Isso porque dois documentos da Igreja Católica especificam com clareza os procedimentos adotados a partir da morte de um bispo ou arcebispo, seja ele emérito ou titular.
O primeiro deles, chamado de Código de Direito Canônico dedica um capítulo sobre os cemitérios. É no cânon 1242 deste documento que o traslado de Dom Aloísio se apoia. “Nas igrejas não se sepultem cadáveres, a não ser que se trate do Romano pontífice, dos Cardeais ou dos Bispos diocesanos, mesmo eméritos, que devem ser sepultados na igreja própria”, esclarece a norma.

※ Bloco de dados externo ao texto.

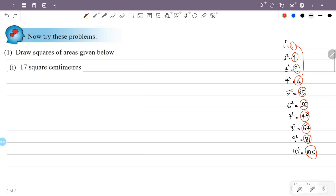1 plus 16 is 17. So 1 plus 16 is equal to 17. We express 17 as the sum of two perfect squares: 1 plus 16 equals 17. Now let's see how the sum of squares equals the hypotenuse square.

O segundo, Cerimonial dos Bispos, é especialmente voltado para o episcopado e trata sobre toda a vida dos mitrados. O sétimo capítulo deste documento especifica diretrizes sobre a morte e as exéquias dos clérigos. O parágrafo 1164 deixa claro que “o corpo do Bispo diocesano será sepultado na igreja, normalmente na catedral da sua diocese”. O texto continua tratando sobre os bispos eméritos. Nele, se afirma que eles devem ser “sepultados na catedral de sua última diocese”. No caso de Dom Aloísio, Aparecida.
“Além das referências canônicas, temos também o sentimento dos clérigos e do povo que vem ao Santuário. Muitos deles veem os túmulos dos demais bispos que já faleceram e perguntam por Dom Aloísio, desejando rezar junto dos restos deles”, afirma o atual arcebispo de Aparecida, Dom Orlando Brandes, que organiza a vinda de seu predecessor.
No Santuário Nacional, a expectativa para receber o corpo do cardeal é grande. No local onde o religioso descansará por enquanto não há nenhuma inscrição. Entretanto, o cenário deve mudar nos próximos dias. Na lápide, além do brasão episcopal e dos dados do religioso, uma placa homenageará o distrito de Daltro Filho.
Dom Aloisio Lorscheider – Nascido em Estrela (RS) em 08 de outubro de 1924, Aloísio Leo Arlindo Lorscheider foi ordenado sacerdote em 1948 e bispo em 1962, após a nomeação do papa João XIII. Além de exercer seu episcopado na Diocese de Santo Ângelo (RS), participou de todas as sessões do Concílio Vaticano II de 1962 a 1965, atuando como membro das Comissões Conciliares. Também foi secretário geral da CNBB, presidindo-a depois por duas vezes. Depois, dirigiu o CELAM em diversos cargos, tornando-se presidente da instituição em 1976.
Foi nomeado arcebispo de Fortaleza em 4 de abril de 1973 pelo Papa Paulo VI. O mesmo pontífice o criou cardeal em 24 de abril de 1976, o que fez com que Dom Aloísio participasse de dois conclaves. Em 1978, o primeiro, que elegeu o papa João Paulo I. Na ocasião, tornou-se o primeiro brasileiro a receber votos em um Conclave, segundo as palavras do próprio pontífice eleito. e depois, tomando parte no que elegeu João Paulo II.
Foi o papa polonês que o transferiu para a Arquidiocese de Aparecida em 18 de agosto de 1995. Nas terras da Padroeira do Brasil, Dom Aloísio foi responsável por dinamizar a vida do Santuário Nacional e criar a Família Campanha dos Devotos. Além disso, estabeleceu novas paróquias e organizou a estrutura clerical arquidiocesana.
Comandou Aparecida até sua renúncia, pedida após atingir o limite canônico de idade, deixando a Arquidiocese em 28 de janeiro de 2004. O religioso entregou o cargo para Dom Raymundo Damasceno Assis em 25 de março do mesmo ano. Em seguida, retirou-se para o Convento dos Franciscanos, em Porto Alegre, onde passou os últimos anos de sua vida. Morreu em 23 de dezembro de 2007, após quase um mês de internação no Hospital São Francisco, em Porto Alegre.